Both of Sam’s wives, Carolina and Mei-hua, have no mothers or maternal influence of their own to help them acquire knowledge of sexual practices and traditional marital relations. Carolina often laments that fact and it comes up that they both have questions about sex that cannot be answered—though none of the male characters ever voice that same trepidation. Do you feel that that sense of unknowing is a thing of the past? How do you think sex education should be approached when it comes to women?
Women of the period of this story were expected to be exemplars of all “virtue,” whatever their menfolk did or did not do. It is unlikely that Carolina’s mother would have taught her differently had she lived. In the matter of Mei-hua she does have Ah Chee, and because she comes out of a tradition of concubinage we presume she has been taught how to please a man. Moreover, the story strongly implies that she passes that knowledge on to Mei Lin. In neither case, however, does a woman’s own pleasure come into the equation. As for our time, it’s hard to believe in any mystery about sex that applies more to young women then to young men. Just look at such popular television fare as Friends. As for how we should teach sex today, my strongest belief is that we ought to teach responsibility. You must not have kids you’re not ready to raise and provide for, and you shouldn’t engage in any activity without being aware of the complexity of its emotional and moral implications. That’s probably not sex-ed so much as life-ed. And it’s no doubt better taught by parents than by teachers, though certainly there is a role for the latter.
Why did you feel it was important to include boats and advances in water travel in the book? In your opinion, is it part of what allowed New York to evolve so rapidly? Is it a nod toward the constant influx of immigrants?
Both of the above. I am constantly awed by the courage of the immigrants past and present, and left breathless by the imagination and daring of those who envision new ways to solve old problems. Nowhere has that been more a hallmark of development than in New York — making it a greater shame that, for instance, the city has taken so long rebuilding at Ground Zero. I often think the Turners and Devreys would have gotten it done faster and better.
A striking part of the society we encounter in City of God
is the role that gossip plays in provoking the characters to act one way or another. Carolina says plainly to William Astor at his father’s funeral, “People say many things, Mr. Astor. Most of them are not particularly important” (page 379). Do you think this applies more to society back then than today?
Good God, no! What else is all our sound-bite TV passing for news, and all our endless talk shows and blogs and celebrity mania if not gossip in more and better and bigger forms than anything they thought of in the nineteenth century!

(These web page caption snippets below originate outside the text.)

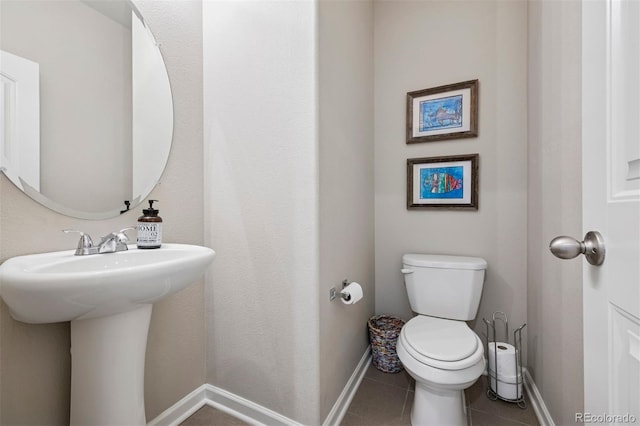 bathroom featuring tile patterned flooring, toilet, and baseboards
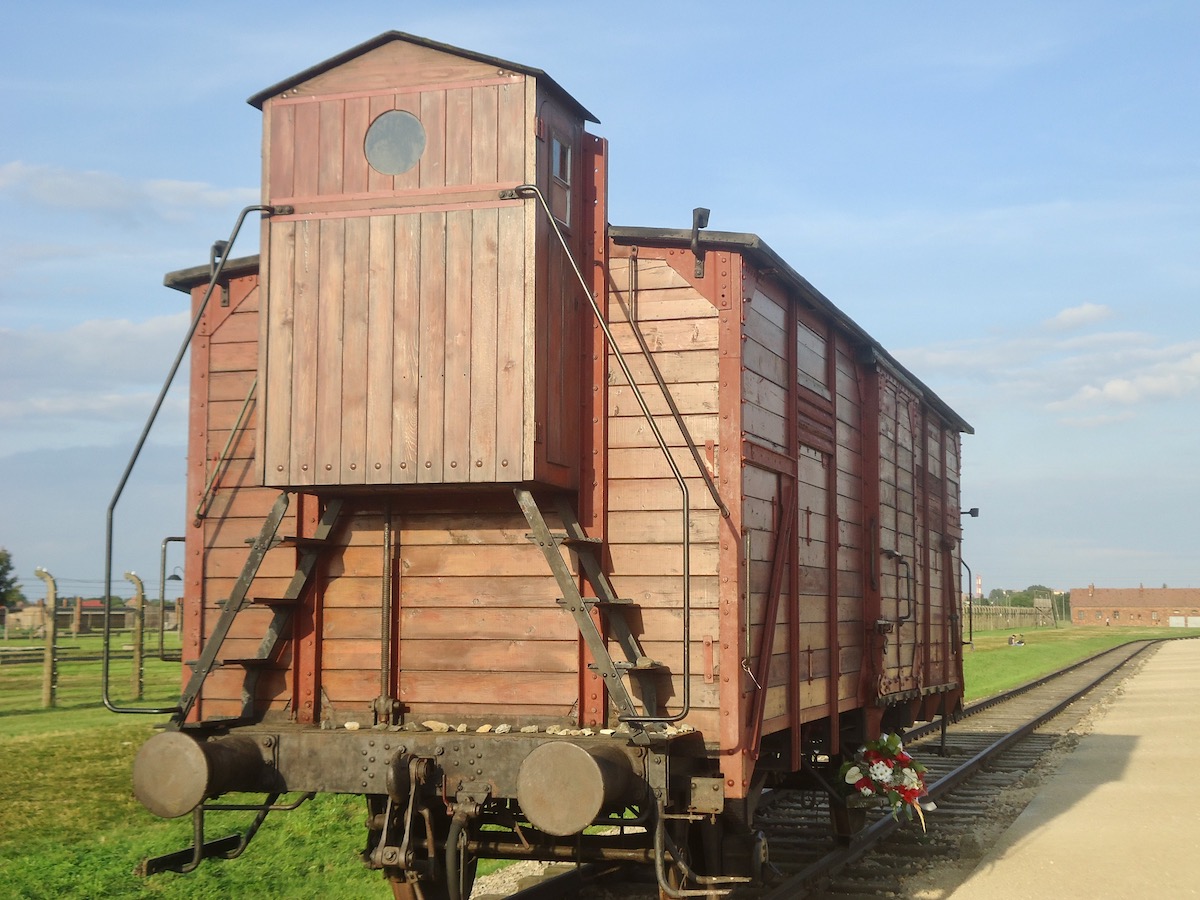 Visiting Auschwitz: All You Need To Know & What To Expect | Holocaust trains A former holocaust train stands on the railway in the Auschwitz museum.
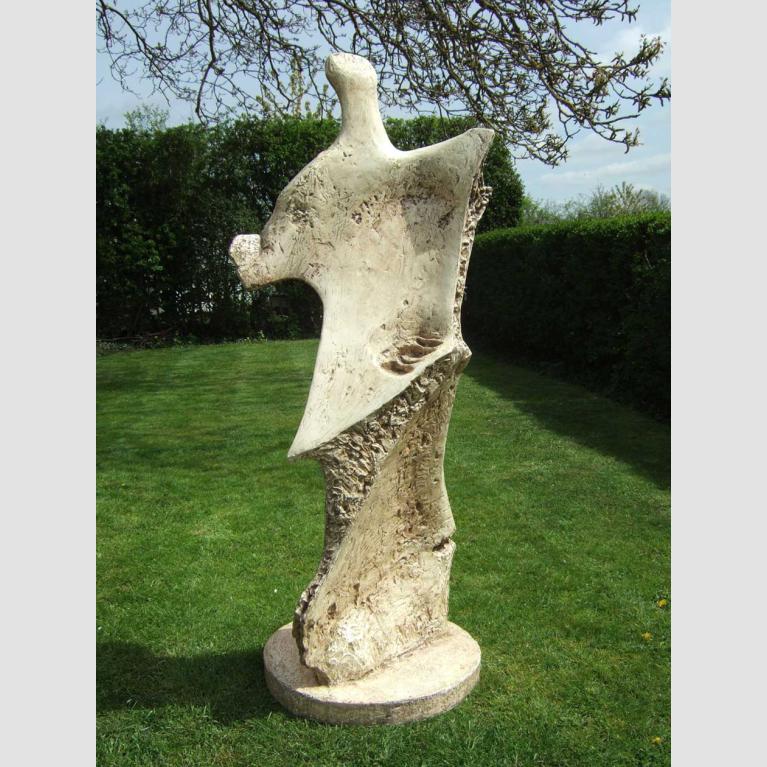 An abstract fiberglass sculpture in a green garden.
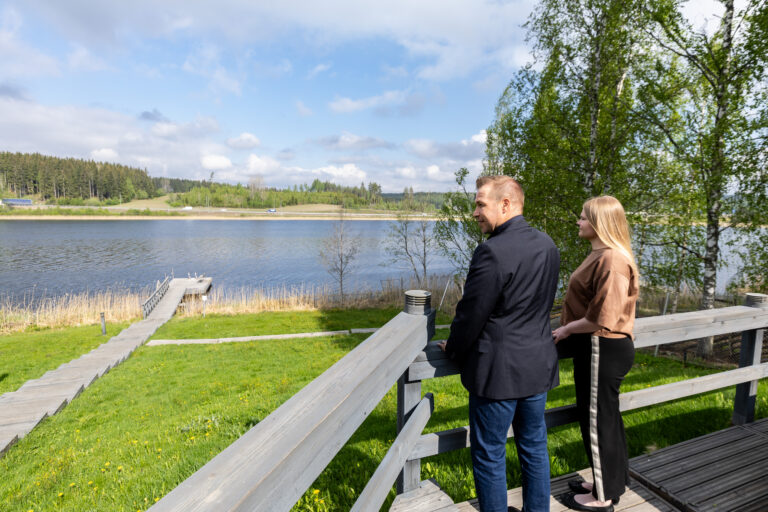 Kaksi ihmistä terassilla katselee järvelle.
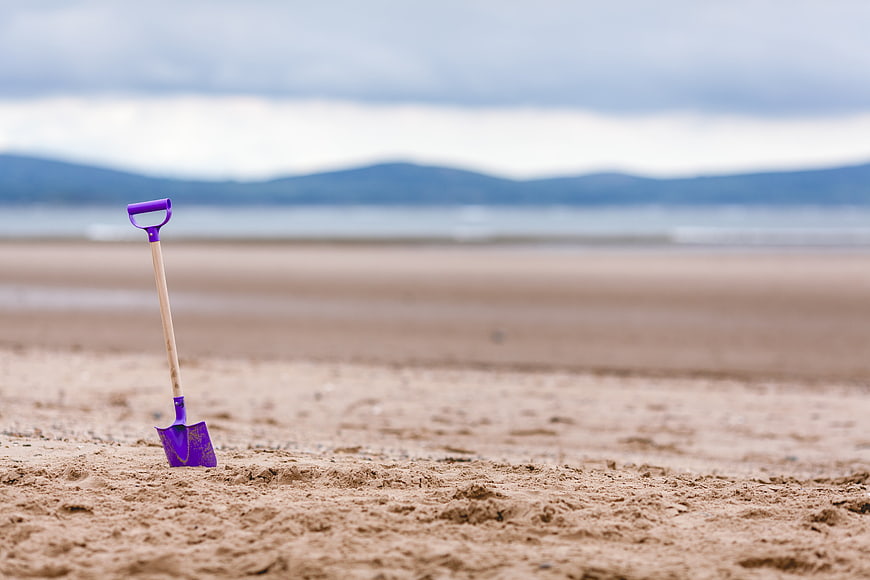 Purple Toy Shovel Stuck in Sand on Beach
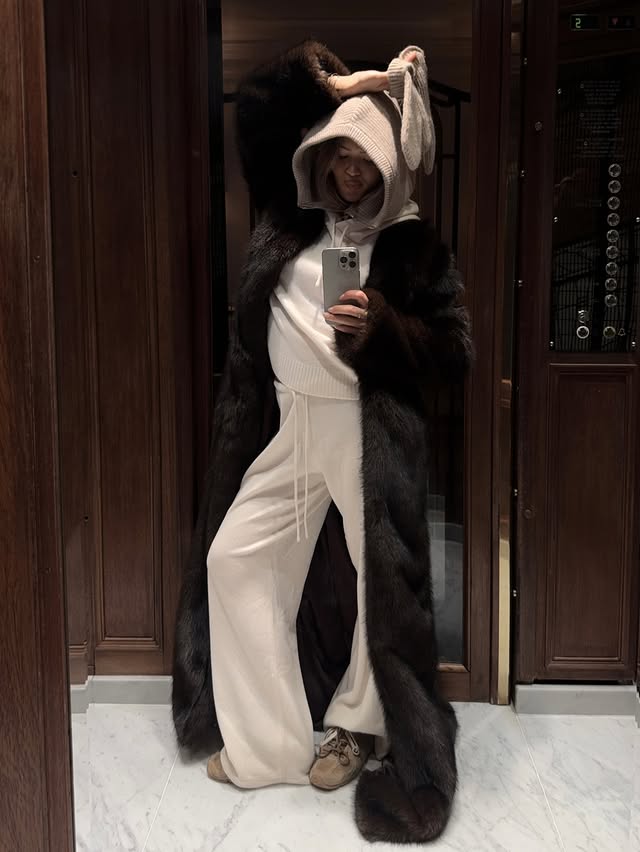 Instagram post by @hannaschonberg for Adanola. Caption reads: [...] | cozy & comfy day in paris wearing @adanola....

Have you ever traveled to China to visit Mei-hua and Ah Chee’s homeland? Ever been aboard a sampan? Or, if not, has researching these characters made you want to go?
I’ve never been to China, but I would love to go.
In the final lines of the book, Mei Lin tells Nick: “’We are all, every moment, in the hands of God, Dr. Turner.’” To which he replies, “’So they tell me, Mei Lin. So they tell me’” (page 519). Why did you find it necessary to end on a religious note, in the same way that you began the book? Is it a struggle that will continue to influence the lives of the characters of the series?
Nick is a thoughtful man, as this book shows from the beginning, a man who gains wisdom during the course of the story. As such he has come to know that there are no certitudes in this life. That he would struggle to believe Mei Lin’s words in the face of the carnage that was the Civil War is hardly surprising. In my view the fact that the answers that religion offers are neither simple nor easy doesn’t make religion less true or less believable. As for ending the story by addressing its underlying theme, all novelists are guilty of wanting to tie up the package. I sometimes think that’s why we write fiction. We can make it tidier than life.
Any chance we’ll follow the Turner and Devrey and Klein heritage all the way to modern times? Do you already imagine offspring of these lineages in the New York of today?
I have plans that would take the series up to the 1920s, but I haven’t thought of anything beyond that.